Rosa holds a Bachelor of Arts in Communication with an emphasis in Public Relations and a Master’s Degree in Education with an emphasis in Higher Education Administration from Washington State University.
Director of Technology Strategy Integration
Michael Phillips is the Director of Technology Strategy Integration at AARP and is dedicated to supporting AARP’s important social mission through technology. Michael has led internal and external technology initiatives at AARP for over 15 years, including technology industry partnerships, community programs, IT strategy, and championing innovation. Prior to AARP, Michael managed large-scale telephony projects for France Telecom and SATO Travel. He holds a bachelor’s degree in Mass Communication from Auburn University and Change Leadership Certification from Cornell University. He is passionate about empowering adults with emerging technology such as virtual reality, digital health tools and education programs so everyone can take full advantage of these amazing times and advocating for all generations within the technology industry.
Founder & CEO
Family Online Safety Institute
For the past 30 years, Stephen Balkam has had a wide range of leadership roles in the nonprofit sector in both the US and UK. He is currently the Founder and CEO of the Family Online Safety Institute (FOSI), an international, nonprofit organization headquartered in Washington, DC. FOSI’s mission is to make the online world safer for kids and their families. FOSI convenes the top thinkers and practitioners in government, industry and the nonprofit sectors to collaborate and innovate and to create a “culture of responsibility” in the online world.

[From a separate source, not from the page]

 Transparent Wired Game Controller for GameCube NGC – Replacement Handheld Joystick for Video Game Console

Prior to FOSI, Stephen was the Founder and CEO of the Internet Content Rating Association (ICRA) and led a team which developed the world’s leading content labeling system on the web. While with ICRA, Stephen served on the US Child Online Protection Commission (COPA) in 2000 and was named one of the Top 50 UK Movers and Shakers, Internet Magazine, 2001.

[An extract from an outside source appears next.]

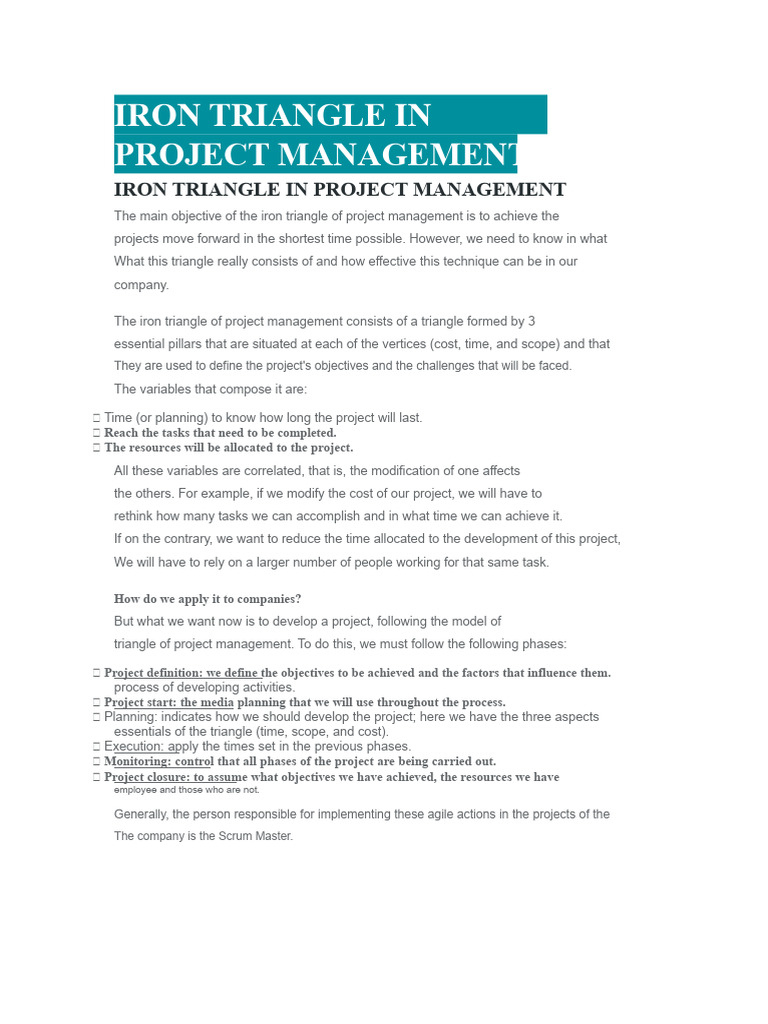 Understanding the Iron Triangle in Projects | PDF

In 1994, Stephen was named the first Executive Director of the Recreational Software Advisory Council (RSAC) which created a unique self-labeling system for computer games and then, in 1996, Stephen launched RSACi – a forerunner to the ICRA website labeling system. For his efforts in online safety, Stephen was given the 1998 Carl Bertelsmann Prize in Gutersloh, Germany, for innovation and responsibility in the Information Society and was invited to the first and subsequent White House Internet Summits during the Clinton Administration.
Stephen’s other positions include the Executive Director of the National Stepfamily Association (UK); General Secretary of the Islington Voluntary Action Council; Executive Director of Camden Community Transport as well as management positions at the Institute of Contemporary Arts (London) and Inter-Action. Stephen’s first job was with Burroughs Machines (now Unisys) and he had a spell working for West Nally Ltd – a sports sponsorship PR company.
Stephen received a BA, magna cum laude, in Psychology from University College, Cardiff, Wales in 1977. A native of Washington, DC, Stephen spent many years in the UK and is now has dual citizenship. He writes regularly for the Huffington Post, appears often on TV and has appeared on nationally syndicated TV and radio programs such as MSNBC, CNN, NPR and the BBC and has been interviewed by leading newspapers such as the Washington Post, New York Times and The Wall Street Journal, radio and in the mainstream press. He has given presentations and spoken in 15 countries on 4 continents.